Find where "Hello guys, I" appears in the records below, then return that line and every later line exactly, stopping only at the last line.

== Segment start ==

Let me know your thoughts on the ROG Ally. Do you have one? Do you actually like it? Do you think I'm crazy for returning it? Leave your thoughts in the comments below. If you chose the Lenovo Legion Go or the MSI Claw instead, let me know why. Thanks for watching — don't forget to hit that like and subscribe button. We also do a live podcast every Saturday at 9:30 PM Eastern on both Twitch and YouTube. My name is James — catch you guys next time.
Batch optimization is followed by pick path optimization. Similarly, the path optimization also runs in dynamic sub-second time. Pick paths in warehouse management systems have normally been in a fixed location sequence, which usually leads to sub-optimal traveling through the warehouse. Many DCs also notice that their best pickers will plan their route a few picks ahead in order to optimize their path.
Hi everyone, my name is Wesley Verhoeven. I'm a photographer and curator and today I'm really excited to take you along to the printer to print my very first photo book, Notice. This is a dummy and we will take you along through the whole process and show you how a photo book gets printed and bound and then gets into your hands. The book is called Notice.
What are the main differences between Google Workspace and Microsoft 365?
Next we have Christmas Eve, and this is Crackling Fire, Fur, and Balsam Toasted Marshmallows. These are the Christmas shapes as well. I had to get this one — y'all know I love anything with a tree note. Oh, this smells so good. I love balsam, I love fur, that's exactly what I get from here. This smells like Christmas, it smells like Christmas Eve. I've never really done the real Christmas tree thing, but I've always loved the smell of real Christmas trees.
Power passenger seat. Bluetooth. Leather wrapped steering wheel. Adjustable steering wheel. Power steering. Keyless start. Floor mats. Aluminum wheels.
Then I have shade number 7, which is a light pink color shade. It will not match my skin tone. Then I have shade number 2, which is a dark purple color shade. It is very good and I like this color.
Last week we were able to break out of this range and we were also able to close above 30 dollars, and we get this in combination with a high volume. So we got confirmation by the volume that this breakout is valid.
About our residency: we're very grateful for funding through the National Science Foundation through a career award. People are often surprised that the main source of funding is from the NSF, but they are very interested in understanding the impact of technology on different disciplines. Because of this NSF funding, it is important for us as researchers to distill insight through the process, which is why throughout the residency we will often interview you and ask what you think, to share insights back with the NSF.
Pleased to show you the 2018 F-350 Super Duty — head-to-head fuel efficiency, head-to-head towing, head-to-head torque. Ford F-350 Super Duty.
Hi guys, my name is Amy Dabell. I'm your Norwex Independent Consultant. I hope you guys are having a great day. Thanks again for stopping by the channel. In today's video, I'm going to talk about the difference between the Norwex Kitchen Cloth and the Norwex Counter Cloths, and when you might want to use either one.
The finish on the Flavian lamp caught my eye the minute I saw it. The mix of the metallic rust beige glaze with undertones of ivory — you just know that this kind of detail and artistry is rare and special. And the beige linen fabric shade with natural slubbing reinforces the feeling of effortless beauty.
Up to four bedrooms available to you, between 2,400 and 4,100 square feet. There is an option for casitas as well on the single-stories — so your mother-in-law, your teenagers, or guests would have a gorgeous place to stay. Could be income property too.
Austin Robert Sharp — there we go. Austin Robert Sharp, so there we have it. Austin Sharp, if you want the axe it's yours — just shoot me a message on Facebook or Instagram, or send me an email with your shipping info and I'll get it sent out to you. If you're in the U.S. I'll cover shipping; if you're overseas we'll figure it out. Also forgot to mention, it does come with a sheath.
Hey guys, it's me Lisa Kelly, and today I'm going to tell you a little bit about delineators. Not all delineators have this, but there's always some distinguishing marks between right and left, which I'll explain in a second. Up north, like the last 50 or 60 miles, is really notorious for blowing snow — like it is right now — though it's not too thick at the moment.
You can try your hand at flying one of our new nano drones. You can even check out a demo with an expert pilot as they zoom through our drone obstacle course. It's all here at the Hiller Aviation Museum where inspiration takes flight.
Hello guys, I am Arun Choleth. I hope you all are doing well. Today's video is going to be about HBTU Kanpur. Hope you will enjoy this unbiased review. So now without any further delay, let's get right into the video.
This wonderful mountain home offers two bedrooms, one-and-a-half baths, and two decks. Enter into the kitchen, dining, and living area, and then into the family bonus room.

== Segment end ==

◆ Solution to this task ◆
Hello guys, I am Arun Choleth. I hope you all are doing well. Today's video is going to be about HBTU Kanpur. Hope you will enjoy this unbiased review. So now without any further delay, let's get right into the video.
This wonderful mountain home offers two bedrooms, one-and-a-half baths, and two decks. Enter into the kitchen, dining, and living area, and then into the family bonus room.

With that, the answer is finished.